Wednesday, March 31, 2010

The wind in my sails...

As a parent, you never want to hear the words "your son/daughter has "X"" no matter how big or small the problem. I honestly thought I was prepared for the results.But when the specialist reviewed the results of the EEG and said "monkey" has Epileptic tendencies, my heart sunk.The wind went completely out out of my sails, if you will.One moment you have a happy healthy child and the next your life is filled with anxiety and uncertainty.

Don't get me wrong "Monkey" ,except for the occasional seizure, is perfectly fine.Its not like she has them on a daily basis.She has had three in her entire life.But I went from only having the usual parenting worries to now having to make sure she gets her medication everyday,having to make sure that people know that she has this "condition" in case she has one when I am not there,be cautious of her swimming and the list goes on.
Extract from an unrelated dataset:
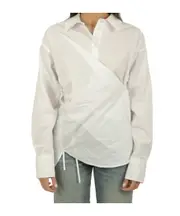 drape effect shirt M BIANCO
My mind does not process things on a day to day basis.It tries to process things based on an entire life time.So you can see very quickly how it has become very overwhelming for me all at once. I have never gone around day after day wondering is she going to have another one??life just carried on. But now because it has a name I find myself staring at her and wondering when the next one will come.Will she be with out me? Will she hurt herself? Will she be scared?

Sometimes in the attempt to calm your fears I think they give you far too much information to digest and 75% of it doesn't even pertain to your child.So in trying to sift out the information it becomes too much to handle.

However do not worry family and friends.I will survive and I will get through this and life will go on. "Monkey" will continue to grow,be active and be smart. I just need a little time to absorb it all.

Wednesday, March 17, 2010

I didn't realize

I apologize for not being here in such a long time.Time seems to have gotten away from me.Not to mention this stupid cold that has taken over our household.Grrrr.

I have also been in some sort of "funk" lately.My picture taking fell by the wayside and I haven't had too many inspiring moments.I was a crazy picture taking fool.Now I can't seem to take any good pictures or at the very least, take a bad picture and make it look good.I am frustrated with my limited knowledge of GIMP (photo editing program) and have hit a plateau.I want to do more with them.I can use some photoshop plug ins but most don't work with GIMP. GIMP has all the capabilities of "photoshop" but there aren't that many "actions" that are already put together so you don't have to write your own scripts.

Anywho here is a couple of pictures just so you don't think I've totally fallen off the wagon!

P.S. There are a few more pictures that have potential and the results of one of my projects (If I can finish it off this weekend)

Monday, March 1, 2010

Goodbye February!


Good bye February!Don't let the door hit you on the way out! Oh, I know you'll be back next year. But for now I am just going to be thankful that its a long,long way off.